I think I'm supposed to like Julianne Moore — we all are, aren't we? She's a multi-Academy Award nominated actress (Boogie Nights, The End of the Affair, Far from Heaven, The Hours). But when I see her in a movie I can't help it, I cringe inwardly. I'm sure in real life she's just delightful — she seems like she would be from interview snippets I've seen. As I took a glance at some of the movies that I have seen her in over the years I started to feel better. I think I'm supposed to dislike her. Either that, or the majority of parts she has selected (or has been chosen) to play are intrinsically annoying characters. Really. Moore even supports my argument:
"I never care that [my characters] are "strong". I never care that they're even affirmative. I look for that thing that's human and recognizable and emotional. You know, we're not perfect, we're not heroic, we're not in control. We're our own worst enemies sometimes, we cause our own tragedies ... that's the stuff that I think is really compelling." — Wikipedia citing "Episode 7, Julianne Moore". Inside the Actors Studio. Season 9. December 22, 2002.
Well that makes me feel a little less guilty. Let's review.

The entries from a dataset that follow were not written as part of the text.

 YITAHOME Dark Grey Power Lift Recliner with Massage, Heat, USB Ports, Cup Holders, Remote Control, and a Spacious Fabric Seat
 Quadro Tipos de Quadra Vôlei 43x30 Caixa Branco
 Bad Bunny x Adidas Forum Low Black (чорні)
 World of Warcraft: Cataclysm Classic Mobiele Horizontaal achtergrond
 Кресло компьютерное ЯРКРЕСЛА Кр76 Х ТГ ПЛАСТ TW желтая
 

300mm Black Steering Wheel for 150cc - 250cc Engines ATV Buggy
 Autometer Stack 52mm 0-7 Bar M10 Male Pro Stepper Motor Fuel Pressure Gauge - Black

The Lost World: Jurassic Park: Save yourself - she's dangerous!
1995's Nine Months is probably the first movie I ever saw Moore in, and it wasn't a pleasant introduction. The entire film is offensive, but her whining, cliched pregnant woman is so annoying that it's understandable boyfriend Hugh Grant is having second thoughts about their relationship.

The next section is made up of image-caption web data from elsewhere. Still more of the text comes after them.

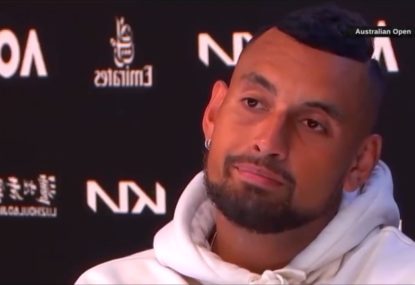 LISTEN: Nick Kyrgios responds to bizarre question in the most Kyrgios way possible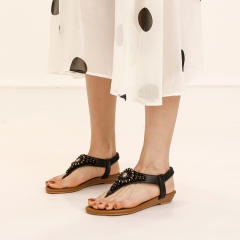 Summer design flat boho gladiator sandals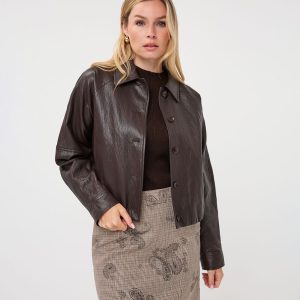 Esqualo Jacket balloon PU crinkle
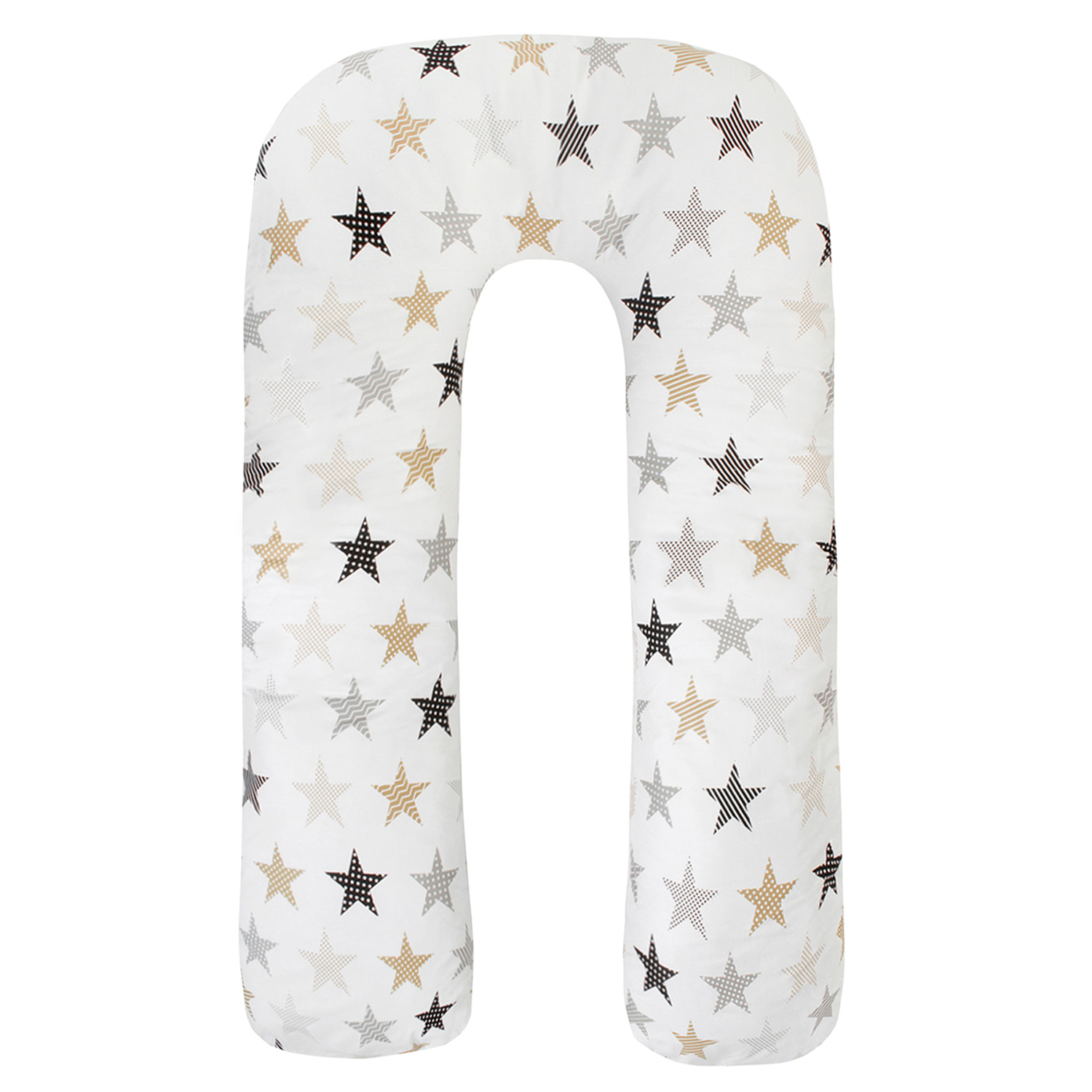 Наволочка к подушке для беременных AmaroBaby U-образная 340х35 (Звезды пэчворк) amarobaby подушка для беременных звезды пэчворк 170х25 см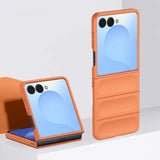 Grip Friendly Hard Samsung Galaxy Z Flip Case-Exoticase-Orange-for Samsung Z Flip 8-Exoticase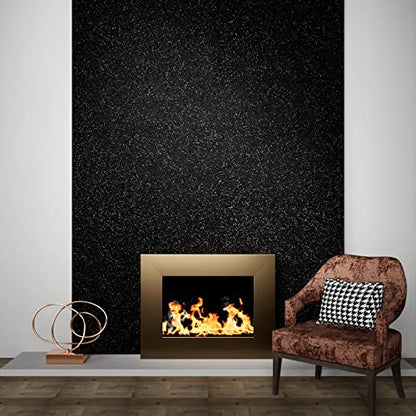 Stickyart Black Glitter Peel and Stick Wallpaper Roll Self Adhesive Removable Sparkle Contact Paper for Cabinets and Bedroom Accent Walls 15.8"x78.7 - color: Black, size: 15.8"x78.7"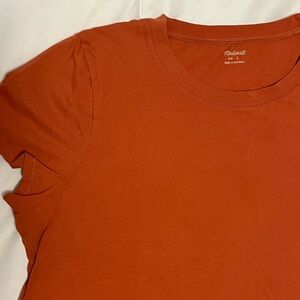 Madewell Women's Short Sleeve Tee in Rust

She was equally annoying in The Lost World: Jurassic Park (1997) as intrepid, downright foolhardy scientist Sarah Harding, who nearly gets boyfriend Jeff Goldblum eaten by ferocious dinosaurs and anyone else who happens to get in the way, too.

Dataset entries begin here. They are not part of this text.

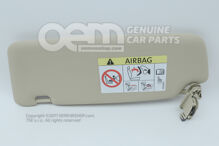 Slnečná clona so zrkadlom a krytom pašmína béžová (2)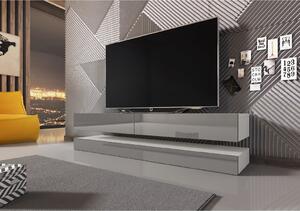 VIVALDI Televizní stolek FLY bílý/šedý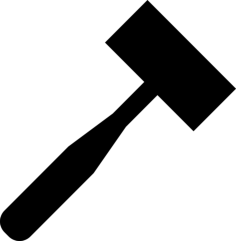 Kitchen Hammer Silhouette Outline Icon Svg Set, Free Vectors File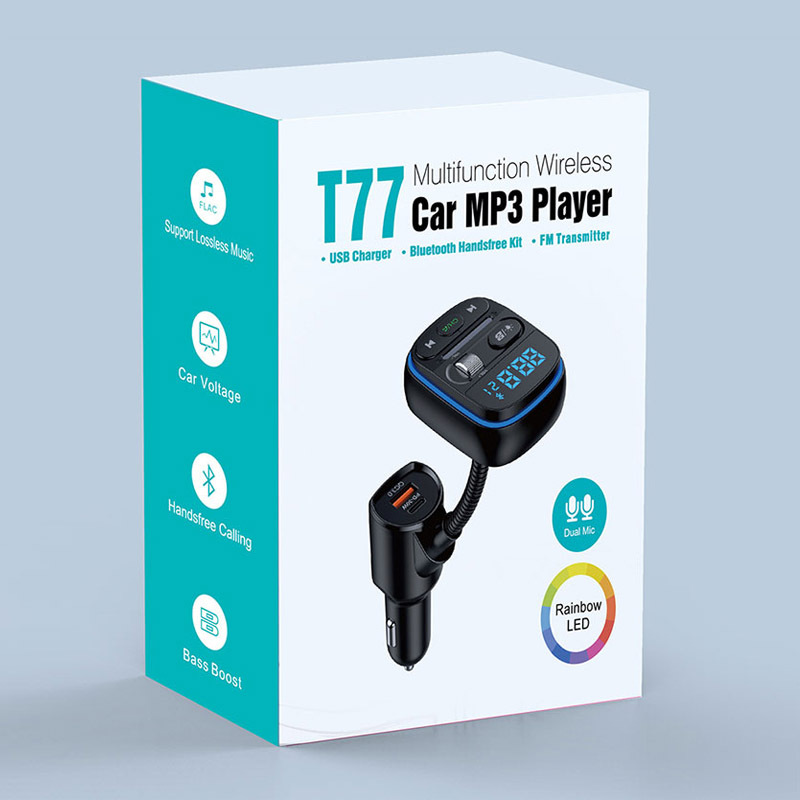 T77 Bluetooth 5.0 FM Transmitt - Car Accessories Qc review and price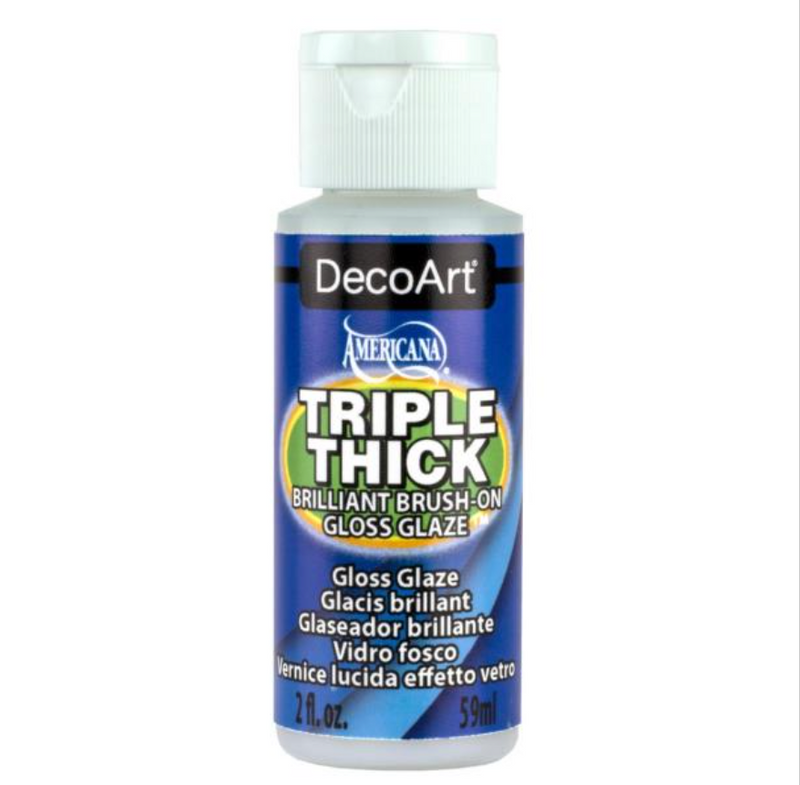 DecoArt Triple Thick 2oz. Brilliant Brush On Gloss Glaze {H20}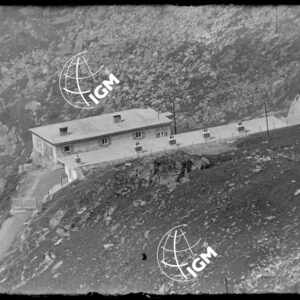 Difesa del Furka - Forte del Furka e ghiacciaio del Rodano vista  da  E. e da S.S.E. - LN00009417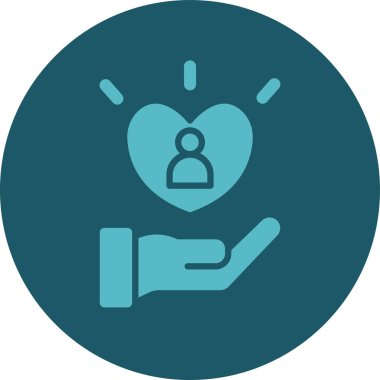 Kalp simgesinin vektör illüstrasyonu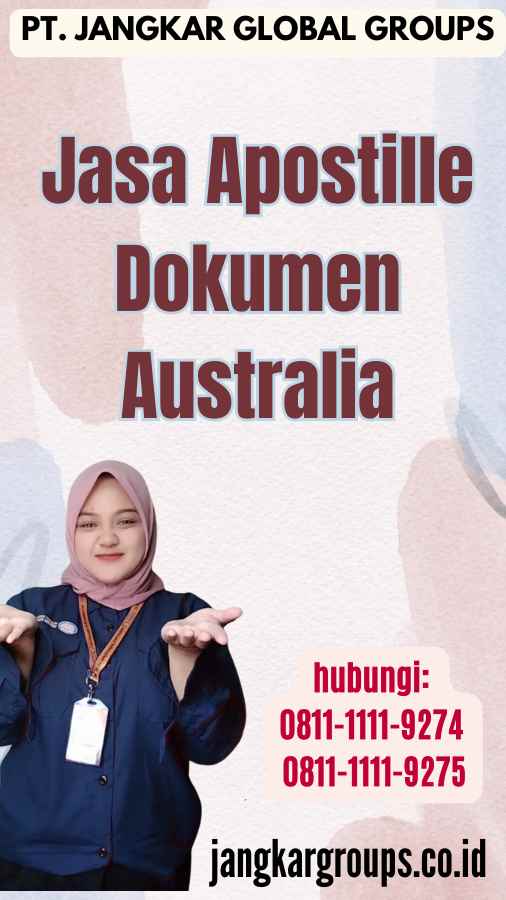 Jasa Apostille Dokumen Australia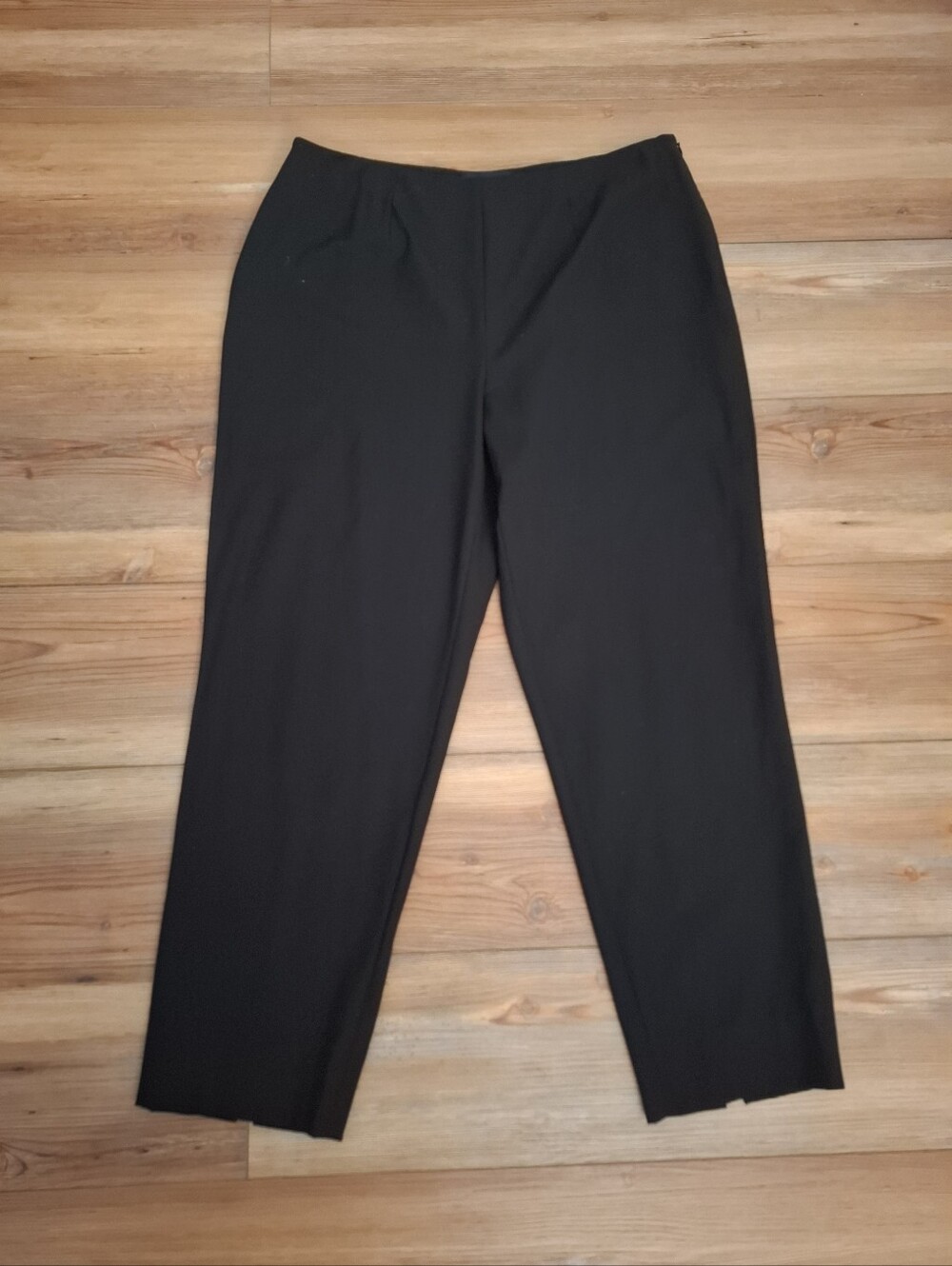 Piazza Sempione Audrey Trousers Black Wool IT 50 US 14 Cropped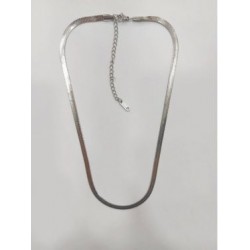 1013-874A Κολιέ Ατσάλι Ατσάλι Snake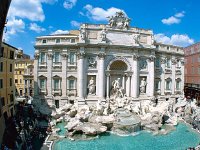 Trevi Fountain Rome Italy display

I found all of 2002's The Hours pretty obnoxious, especially Nicole Kidman's so-noticeable proboscis prosthesis as author Virginia Woolf, so it probably isn't fair to single out Moore's character of Laura Brown, who is supposed to be a modernized Clarissa Dalloway. But I will, anyway.

2002's Far from Heaven is supposed to be Moore's masterpiece. It is visually compelling, and she gives it her all, but I didn't connect with her tortured '50s housewife as much as I did her wardrobe.

Far From Heaven: Cool sunglasses
A Single Man: With friends like these ...

A Single Man (2009) is a very lovely understated movie about George Falconer (Colin Firth), a college professor who has just lost his partner Jim in a car accident. Moore plays his self-centered "friend" Charley who makes a clumsy pass at him when he is at his most vulnerable.

As Jules in 2010's The Kids Are All Right she severely, even blithely, risks her long-term committed relationship to partner Nic (Annette Bening) by having an affair with the sperm donor father of their two children, Paul (Mark Ruffalo).

In the recent Crazy, Stupid, Love. (2011) she played Emily Weaver, a woman who has become disillusioned and bored with her marriage to high-school sweetheart Cal. She callously tells him she is having an affair with her co-worker (Kevin Bacon) and asks for a divorce. I can't say I was really rooting for Emily and Cal to get back together, even though that's where all Hollywood movie scripts are headed.

Crazy, Stupid, Love.: Look out, Mr.
I think I prefer to see Moore in a large ensemble piece, where she is just part of the action. I like her better when she isn't front and center. Even if her character has annoying qualities, I find her performances in movies like  Boogie Nights (1997), The Big Lebowski (1998), Magnolia (1999), and The Shipping News (2001) more successful.

Moore is really going for an unlikable character in her next film, Carrie, where she will play the ultimate messed up mom, Margaret White. I have no desire to see it, really — do we need a third version of Stephen King's novel? — but I also have no doubt that Moore will bring exactly the right quality to make me dislike her immensely.